I don't think you will need to remove orphan reads - the reason being that the other mate pair may not have mapped due to large indels and it can actually happen when you align datasets from other population than the one reference was generated from.
Yes, right. But I also saw suggestions around that it is recommended to remain only proper pair reads and remove orphans. I have to also think about this to make a decision :)
GATK report DP values twice: one under INFO which generally is the filered DP values and one for the FORMAT which generally is the unfiltered DP values for that allele.
You have different DP due the different statisticial methods employed by different variant callers.
Also they have different filtering parameters they might have by default. If you ran the variant calling using default parameters, please check what are default filtering parameter between GATK and bcftools to understand your DP values more clearly.
Thanks again. The answer makes sense.
As I also asked above, if one needs to use DP value for a type of research, as we discussed there are differences between DP value of the two tools, so which one to be used the research? e.g. if for a SNP from GATK DP is 125 but from bcftools is 97. Just in case if you have an idea.
I think I know why, so I was wondering in my first comment if the aligners where the same. I am going to assume that they are the same aligner and if you did your workflow like this it would explain the difference.
Clean Reads
|
V
Map Reads
| |
V V
1. Samtools 2. GATK
1. bcftools 2.GATK Haplotype
This is because the GATK pipeline realigns its Indels, so you could have less error in those regions and more reads would be remapped back to them, whereas the first mapping is all you work with in the samtools pipeline.

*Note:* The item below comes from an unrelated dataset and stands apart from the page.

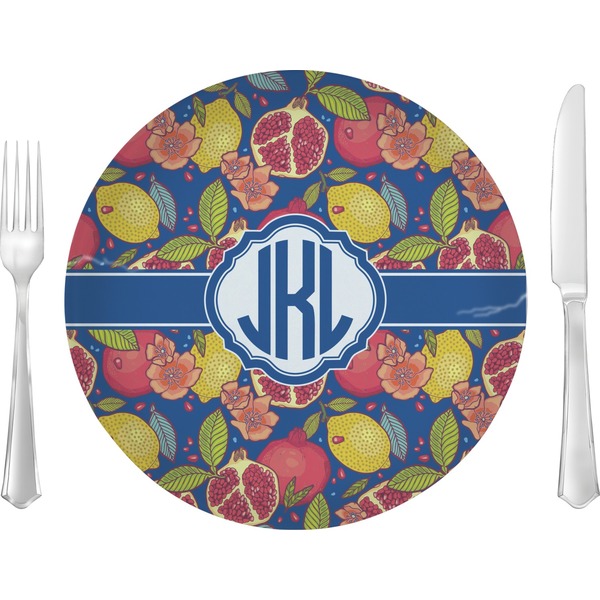 Custom Pomegranates & Lemons 10" Glass Lunch / Dinner Plates - Single or Set (Personalized)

Thanks. Yes I used the same aligner. In experiment, both results were the same, is it also fine? so it is possible sometimes to have the same DP value and sometimes not?
One more important question, based on your experience, if one needs to use DP value for a type of project, as we discussed there are differences between DP value of the two tools, so which one to be used? just in case if you have an idea.
For more true positive data GATK is my preference, actually I have almost always used GATK for calling variants.
Regarding the DP value you will need to do some research by yourself. You will need to check the global coverage, local coverage and the coverage (DP value) you want to use as a cutoff to pull variants from that particular loci.
Yes, Haplotypecaller is quite slow. You could try to use a target file (in case you're not doing genome sequencing, depending on project). use -L targets.bed -ip 50 (ip: intervalpadding).
Well I am working on a bacterial genome that is why dbsnp doesn't work for it. And I read that GATK is not good to be used for bacterial genome. But still, it is strange to me that GATK show more Read Depth (DP) compared to the other tool Bcftools.
I agree with you it is weird that they have different DPs for the same SNP did you use BWA MEM for both alignments or different aligners?
Yes, I used BWA MEM for both alignment. do you feel something wrong? I also updated the post to add the whole two lines of VCF files in case it is more informative. One more things that seems strange, for Diploid the GT has two value looks like this (0/1, 0/0). But for Haploid the GT has one value. So my data is Bacteria which is Haploid and true for GATK which is one value while in Bcftools it is two values! that might tells us something too.